=== Description of the task ===
For this exercise, copy exactly the lines below from the one with "Gelukkig schoolmeisje staande" through the one with "Modern living room" and leave out the pictures.

=== Extracted material ===
BEGIN

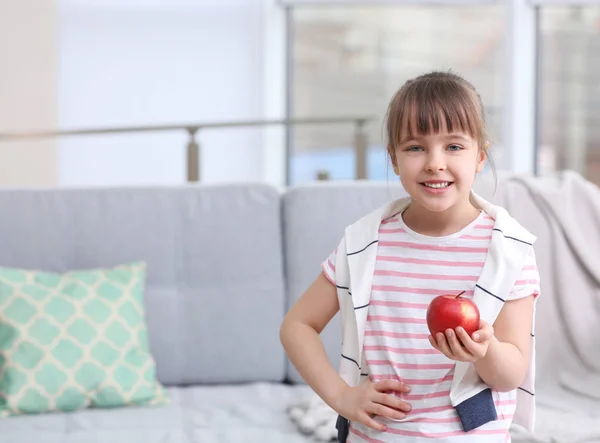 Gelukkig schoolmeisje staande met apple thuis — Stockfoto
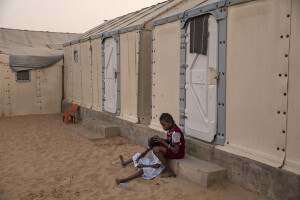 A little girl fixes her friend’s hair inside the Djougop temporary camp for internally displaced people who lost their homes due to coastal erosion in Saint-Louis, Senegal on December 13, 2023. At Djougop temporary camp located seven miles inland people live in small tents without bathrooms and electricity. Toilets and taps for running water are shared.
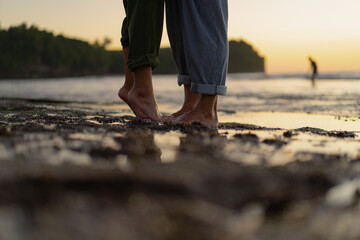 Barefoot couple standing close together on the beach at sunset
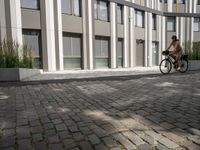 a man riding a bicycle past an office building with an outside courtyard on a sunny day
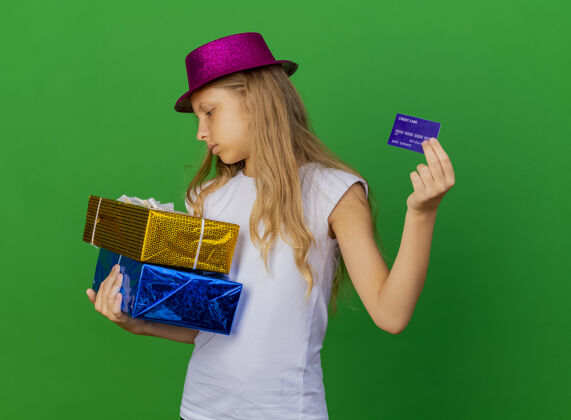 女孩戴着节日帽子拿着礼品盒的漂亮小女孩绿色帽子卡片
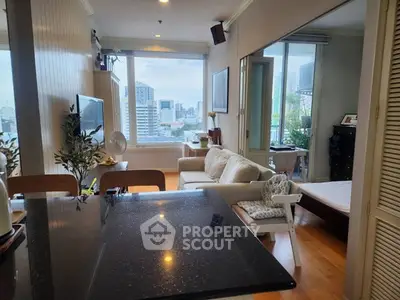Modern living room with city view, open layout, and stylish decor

END
BEGIN

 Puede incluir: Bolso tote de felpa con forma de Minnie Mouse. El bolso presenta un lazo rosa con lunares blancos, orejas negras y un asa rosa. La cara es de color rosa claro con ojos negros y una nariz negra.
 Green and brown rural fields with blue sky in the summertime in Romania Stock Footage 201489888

END
BEGIN

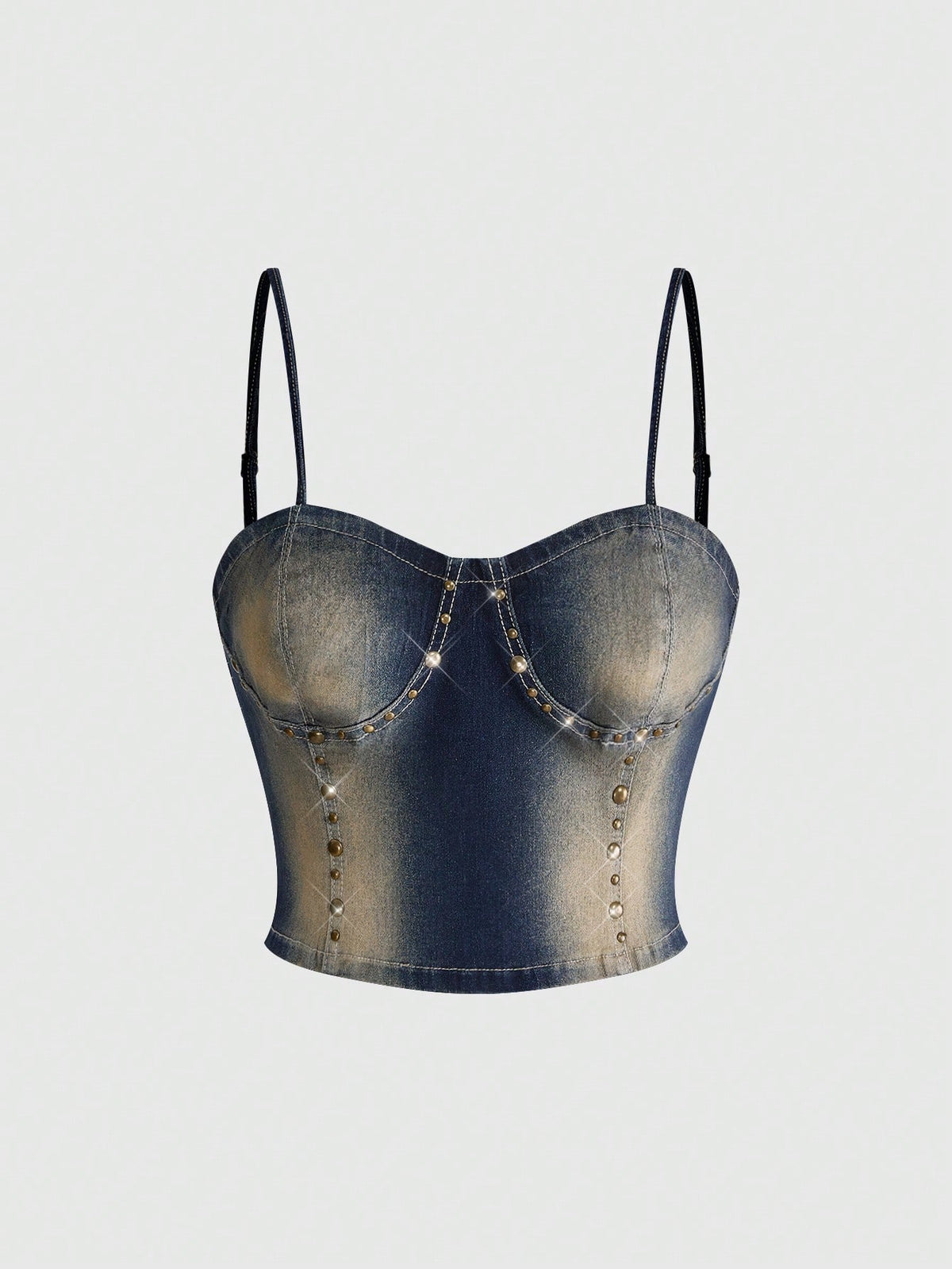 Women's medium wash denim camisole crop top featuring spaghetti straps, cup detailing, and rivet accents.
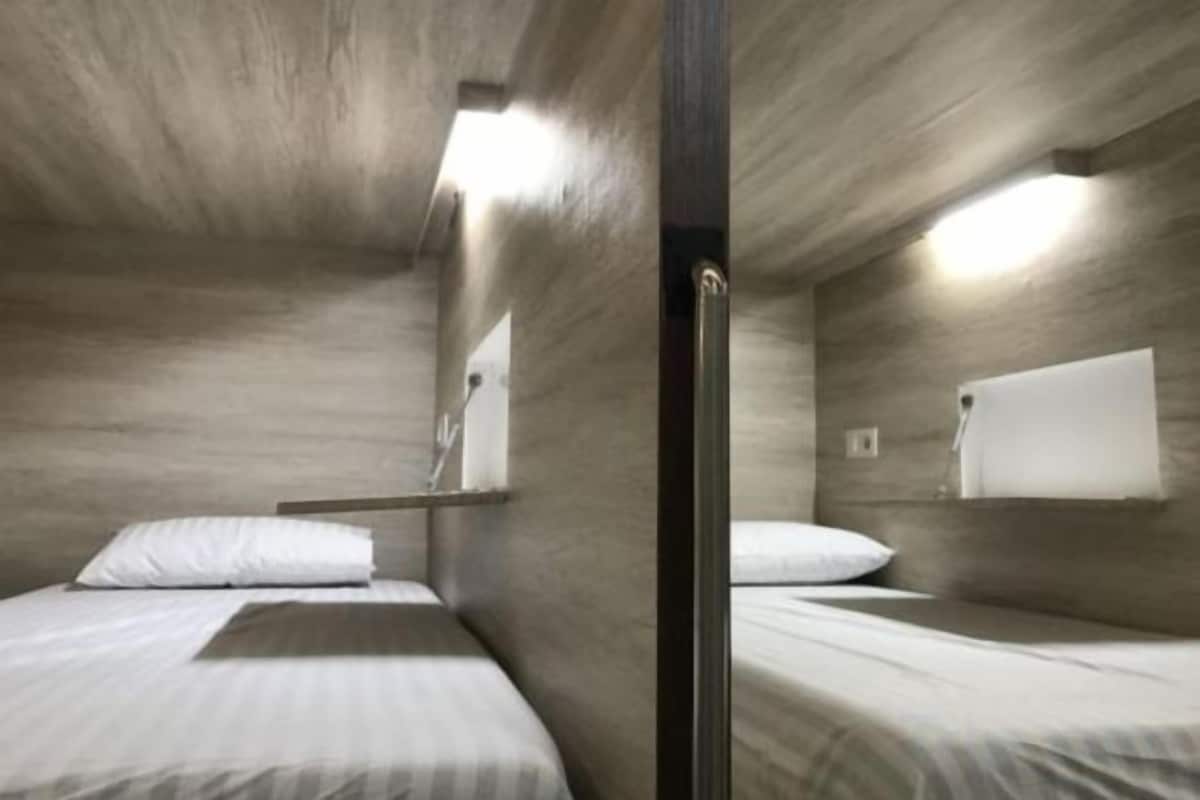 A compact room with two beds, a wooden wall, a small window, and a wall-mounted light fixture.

END

=== Result of the task ===
 Gelukkig schoolmeisje staande met apple thuis — Stockfoto
 A little girl fixes her friend’s hair inside the Djougop temporary camp for internally displaced people who lost their homes due to coastal erosion in Saint-Louis, Senegal on December 13, 2023. At Djougop temporary camp located seven miles inland people live in small tents without bathrooms and electricity. Toilets and taps for running water are shared.
 Barefoot couple standing close together on the beach at sunset
 a man riding a bicycle past an office building with an outside courtyard on a sunny day
 女孩戴着节日帽子拿着礼品盒的漂亮小女孩绿色帽子卡片
Modern living room with city view, open layout, and stylish decor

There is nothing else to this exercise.